日比野:筆圧で絵の具を押し付ける。その動きの軌跡が紙に残っていく、みたいな。絵を描くっていうことを陸上ではやっているわけですよ。周りの草とか砂とか石とか家とか人の動きとかに反応して。考えていないようだけど、線にはそのきっかけがあるわけで。
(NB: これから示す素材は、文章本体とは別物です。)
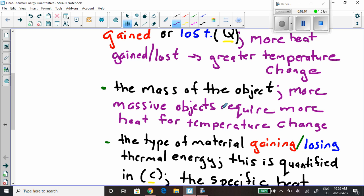Next, the mass of the object — more massive objects require more heat for a temperature change. Are you making one cup of tea or tea for five people? If you're making tea for five people, you need more water, which means more mass. To bring that greater amount of water up to the proper temperature, you're going to need a lot more thermal energy. So more massive objects require more heat for temperature change.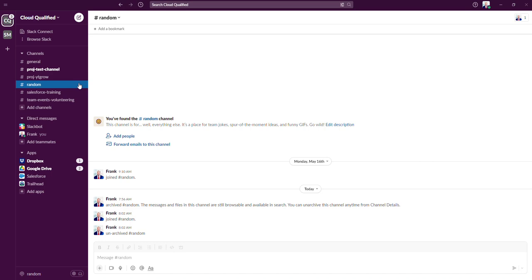The only time you should ever delete a channel over archiving a channel is if there's no meaningful conversations that took place in the channel. An example would be a duplicate channel that might have been created by mistake that had minimal message history. So I'm not actually going to delete a channel, but I'll show you how you can do it.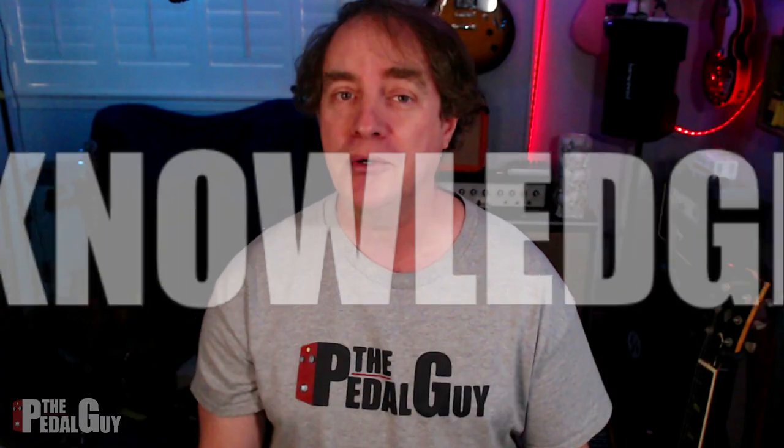Hey everybody, it's Scott at the Pedal Guy. How you doing? We're all about pedal demos, pedal knowledge, and pedal sales. I love pedals, and so do you.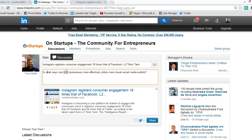Once you have your question, link, and title ready, go ahead and hit Share. You can also click to link it directly to your Twitter — your personal or company Twitter page, whichever you have synced with your LinkedIn. I'm not going to do that today, so I'll just go ahead and share.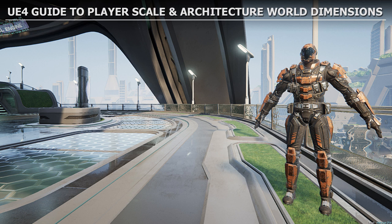This tutorial is a full guide to player scale and architecture dimensions in Unreal Engine 4. You'll learn base dimensions for player characters and architecture elements such as walls, doors, doorways, and stairs. Knowing these will help you keep your environment in correct proportion, and you need to know these dimensions before starting any project. Let's begin.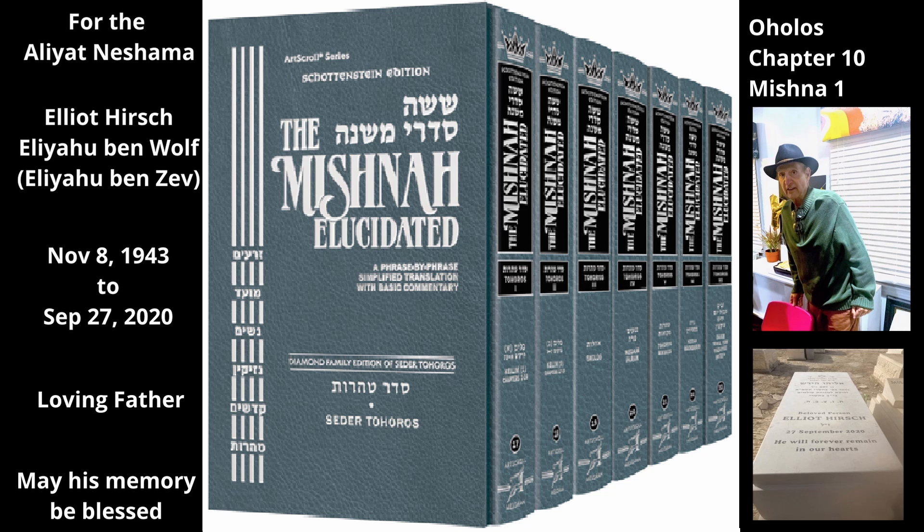Therefore, regardless of where the source of tuma is located, all utensils in the house — both those under the roof and those under the opening — become tamei. In addition, the person himself becomes tamei, because the tuma extends through the opening to his body.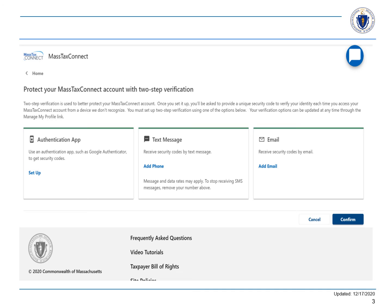You must set up two-step verification using one of three options: authentication app, text message, or email. Your verification options can be updated at any time through the Manage My Profile link. Let's go through each type.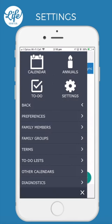Hopefully this video has given you some insights into how you can further personalise LifeSorted to suit your individual needs. Thanks so much for watching.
勝手に動いてるようで、何かを引き受けて手が動いてる。このとき、陸上では自分のコントロールのままになるわけですよ。でも、だんだん水辺に近づいてきて、水の中になると、まずタンクを背負わなきゃいけない。

海の中では筆圧がなくなってしまう

小崎:これから水の中に入る!?

日比野:入っていくんです。

小崎:それでウエットスーツ着てるんだ。水の中に入って紙は大丈夫なんですか?

日比野:これは特殊な紙で、パルプじゃなくってユポ紙。

小崎:水を浴びても落ちないわけですね。

日比野:紙はユポ紙で、持っているのはオイルパステルです。

しりあがり:これは描く前に完成のイメージってあるんですか?

日比野:完成のイメージはない。一発勝負。やっぱり波打ち際が大変で、陸上でも水中でもどっちでもないし、絶えず入れ替わるので。

小崎:際だよね、本当にね。

日比野:際がね、生き物が生きてるみたいで大変なわけ。

日比野:で、これ水の中に入っちゃうと。

小崎:あぁ、これ水の中なんだ! すごいね。

日比野:2本足で立ってないので。一応描こうっていう意識はあるから紙にオイルパステルは接しているけども、筆圧がない。重力がなくなって描きにくくなってる。

小崎:これ下に砂地があるわけじゃないですよね?

日比野:だんだん深くなってくる海底に紙を押し当てながら行ってますね、100m。

小崎:遠浅の海岸をずっと100m描いた? すごいね!

しりあがり:陸上と海はちょうど半分くらいですか?

日比野:海のほうが長かったかな。

日比野:(日付を書く映像を見て)2011年の6月だったね。

海から絵という獲物を取ってきたかった

しりあがり:これっておもしろいと思うんだけど、日比野くんじゃない人が描いたら同じ価値になる?

(会場笑)

小崎:なかなか本質的な質問が(笑)。

しりあがり:ダイバーの人が描いたとしても、それなりの物ができるというか。

日比野:できるだろうね。

しりあがり:それはどうなんだろうね。

小崎:これ100m描くのに、どれくらい時間がかかったんですか?

日比野:30分くらいだと思いますね。

小崎:これは、なぜやってみようと思ったんですか?

日比野:「海底スケッチ」っていうのは、ときどきやってたんですよ。海の中で絵を描くってのはね。きっかけは、陸上では絵を描いていて海に潜るのは潜るのでやっていて。漁師が海の中に潜ると魚とってくれるじゃないですか。サザエつかまえたりして。

小崎:海女さんとかね。

日比野:僕も最初の頃は、潜ってサンゴの写真とか撮ったりしてたんですけど。何かちょっと「獲物をとってきたいな」と。潜って絵を描いてきて、絵が獲物で、それを船にあげる。それが「海底スケッチ」のきっかけですね。

このあと海から陸にいくシーンがあるんですけど。

小崎:これで終わり?

スタッフ:これで終わりです。

小崎:じゃあ、その2本立てのプロジェクトだったわけですね? 「陸から海へ」と「海から陸へ」と。すごいね、生物の発生というか「海の中にいた生物が陸にあがる」みたいな感じかな。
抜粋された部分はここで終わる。